(DATA SHOWN)

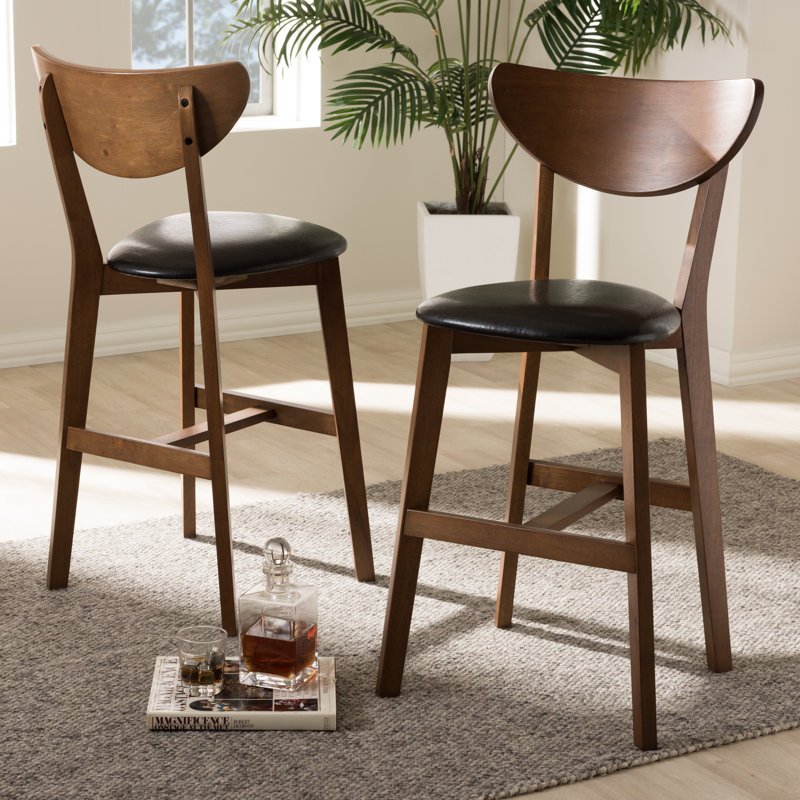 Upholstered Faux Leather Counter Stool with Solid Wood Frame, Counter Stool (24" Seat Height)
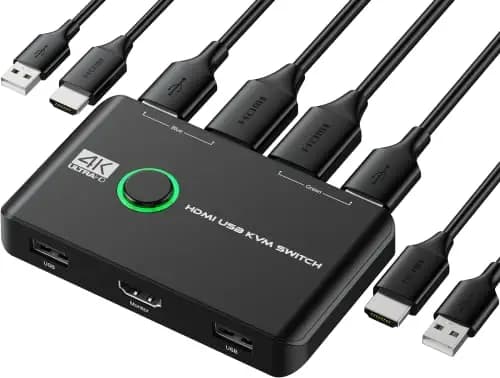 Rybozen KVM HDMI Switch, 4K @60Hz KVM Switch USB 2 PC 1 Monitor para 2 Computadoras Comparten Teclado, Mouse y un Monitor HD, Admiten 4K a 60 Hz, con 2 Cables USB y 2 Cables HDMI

(End DATA SHOWN)
(DATA SHOWN)

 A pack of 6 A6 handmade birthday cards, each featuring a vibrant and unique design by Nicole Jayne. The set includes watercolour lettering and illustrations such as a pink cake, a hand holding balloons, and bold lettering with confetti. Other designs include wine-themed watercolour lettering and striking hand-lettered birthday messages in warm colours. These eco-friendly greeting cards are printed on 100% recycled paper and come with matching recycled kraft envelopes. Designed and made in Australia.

(End DATA SHOWN)
(DATA SHOWN)

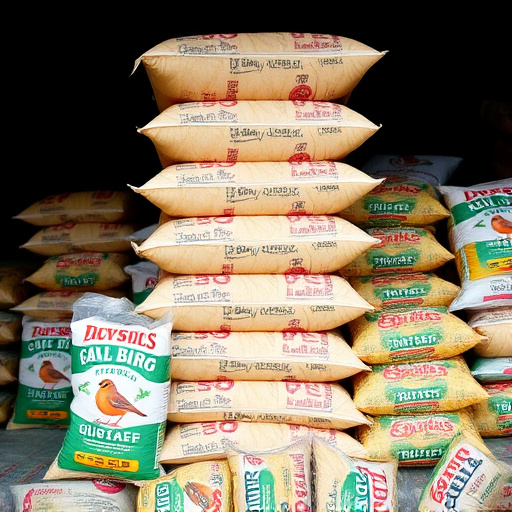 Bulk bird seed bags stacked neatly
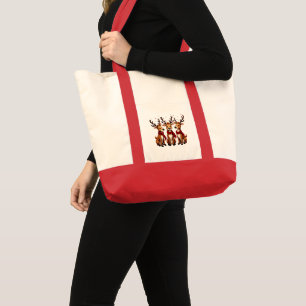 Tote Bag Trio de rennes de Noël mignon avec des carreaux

(End DATA SHOWN)

EXERCISE BRIEF
Given the entries above, transcribe exactly the lines from the one holding "Bulk bird seed bags stacked neatly" through the one holding "Tote Bag Trio"; pictures do not belong in the transcription.

ANSWER AREA
 Bulk bird seed bags stacked neatly
 Tote Bag Trio de rennes de Noël mignon avec des carreaux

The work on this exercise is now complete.